Wer arbeitsfähig, arbeitswillig und arbeitslos ist und zuvor für einen gewissen Zeitraum angemeldet gearbeitet hat, erhält Arbeitslosengeld. Mit 55 Prozent des früheren Nettolohnes ist das, was Arbeitslose in Österreich erhalten, vergleichsweise niedrig. Der OECD-Mittelwert liegt bei etwa 70 Prozent. Arbeitslosigkeit trifft Frauen finanziell meist härter als Männer. Im Durchschnitt (2018) haben sie 870 Euro im Monat zur Verfügung, während Männer auf 1.040 Euro kommen.
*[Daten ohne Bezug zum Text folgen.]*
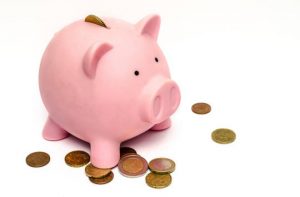 Salud financiera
Arbeitsminister Martin Kocher (ÖVP) möchte das Arbeitslosengeld „reformieren“, möchte es degressiv gestalten: Das Arbeitslosengeld würde anfangs erhöht werden und dafür nach wenigen Monaten in Etappen sinken. Die Wirtschaftskammer und der Wirtschaftsbund der ÖVP unterstützen diesen Vorschlag, die Wirtschaftsvertreter der ÖVP fordern sogar ein Absinken der Nettoersatzrate auf nurmehr 40 Prozent.
Aber nicht allen Expertinnen und Experten gefällt, was ÖVP und Wirtschaft gerne hätten. "Das im internationalen Vergleich ohnehin sehr niedrige Arbeitslosengeld führt schon jetzt dazu, dass in Österreich neun von zehn Arbeitslose unter der Armutsgrenze leben", sagt der Politikwissenschaftler und Sozialstaatsexperte Emmerich Tálos von der Universität Wien. Ein Stufenmodell mit sinkender Arbeitslosenunterstützung würde insbesondere Langzeitarbeitslose massiv treffen.
Talos unterstützt deshalb gemeinsam mit vielen anderen Wissenschaftlerinnen und Wissenschaftlern die Initiative www.arbeitslosengeld-rauf.at. Diese fordert die langfristige Anhebung des Arbeitlosengeldes auf 70 Prozent. Das Volksbegehren für eine bessere finanzielle Absicherung von Menschen ohne Arbeit wurde im Juni 2021 gestartet. Derzeit sammelt die Initiative Unterstützungserklärungen. Abgeschlossen wird dieses voraussichtlich im Frühjahr 2022.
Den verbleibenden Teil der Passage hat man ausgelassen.